De leden van de VVD-fractie vragen mij of ik van plan een beweging te bewerkstelligen naar een gelijkere hectarepremie op alle hectarepremies en of ik gebruik wens te maken van de optie om het verlies voor boeren in hun inkomenssteun te maximeren op 30%. Daarnaast vraagt de fractie mij of ik van mening ben dat de volledige overgangstermijn benut moet worden om een geleidelijke overgang voor ondernemers te waarborgen en indien ja, hoe ik dit zou willen vormgeven.

Hierop kan ik aangeven dat het leidend principe in het akkoord is dat per 2019 de gelijke hectarepremie binnen een lidstaat (of binnen een regio) is bereikt. Afwijkingen daarvan zijn mogelijk. De manier waarop Nederland de weg naar de gelijke hectarebetaling wil invullen maakt deel uit van de implementatiebesluiten die ik aan uw Kamer zal voorleggen. Wel wijs ik er op dat de kabinetsinzet in de onderhandelingen voortdurend is geweest dat Nederland per 2019 de gelijke hectarebetaling wil realiseren, zonder afwijkingen daarvan, maar daarbij wel een zo geleidelijk mogelijk traject voorstaat.
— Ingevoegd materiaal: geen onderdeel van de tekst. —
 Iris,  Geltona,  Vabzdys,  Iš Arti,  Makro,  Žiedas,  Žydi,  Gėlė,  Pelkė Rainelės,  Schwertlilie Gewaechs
De leden van de VVD-fractie vragen of het nieuwe GLB mogelijkheden biedt om sloten als landschapselement in aanmerking te laten komen als onderdeel van het ecologisch aandachtsgebied.

Ik ben blij met de mogelijkheid om landschapselementen mee te nemen in het ecologisch aandachtsgebied. Dit verruimt de mogelijkheden voor bedrijven om hieraan invulling te geven met landschapselementen die van groot belang zijn voor de biodiversiteit. De Europese Commissie zal in de komende maanden voorstellen doen via gedelegeerde handelingen voor de verdere invulling van de landschapselementen. Overigens zijn sloten vooral van belang in het weidegebied, maar daar is geen verplichting om ecologische aandachtsgebieden in te richten. Die verplichting geldt immers alleen voor bouwland.
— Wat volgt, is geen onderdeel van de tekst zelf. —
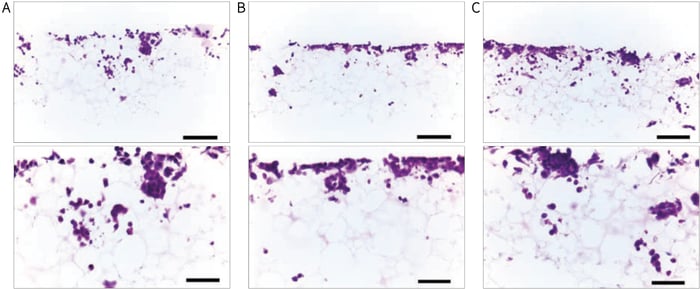 PR-ALVETEX-SCAFFOLD-D003_fig-14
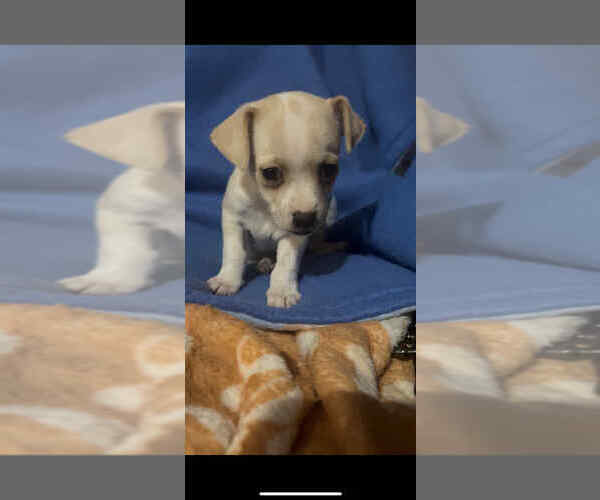 Medium Photo #1 Dachshund-Unknown Mix Puppy For Sale in Brewster, NY, USA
Ook vragen de leden van de VVD-fractie of ik de opvatting deel dat bij een collectieve invulling van ecologische aandachtsgebieden de vrije wil van deelnemers leidend is en geen verplichtingen worden opgelegd maar dit aan initiatieven vanuit ondernemers gelaten moet worden.

Ik ben het eens met de VVD-fractie dat een collectieve invulling van ecologische aandachtsgebieden moet voortkomen uit initiatieven van boeren zelf. Collectieven zijn echter niet vrijblijvend, boeren verbinden zich wel.
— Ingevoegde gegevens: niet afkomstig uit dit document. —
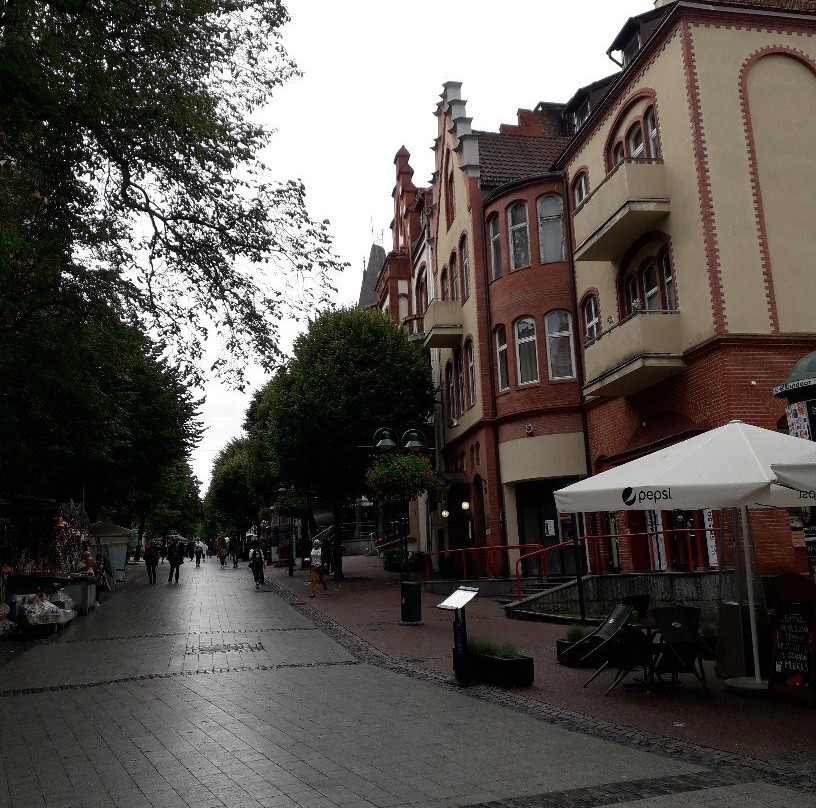 Bohaterów Monte Cassino-索波特必去景点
Verder vraagt de VVD-fractie of ik voornemens ben gebruik te maken van de optie vanggewassen en stikstofbindende gewassen in aanmerking te laten komen als ecologisch aandachtsgebied.

Een belangrijk onderdeel van de hiervoor al aangekondigde implementatiekeuzes betreft de invulling van de ecologische aandachtsgebieden en dus ook het gebruik van deze optie. Ik kom hier zoals gezegd op terug in november.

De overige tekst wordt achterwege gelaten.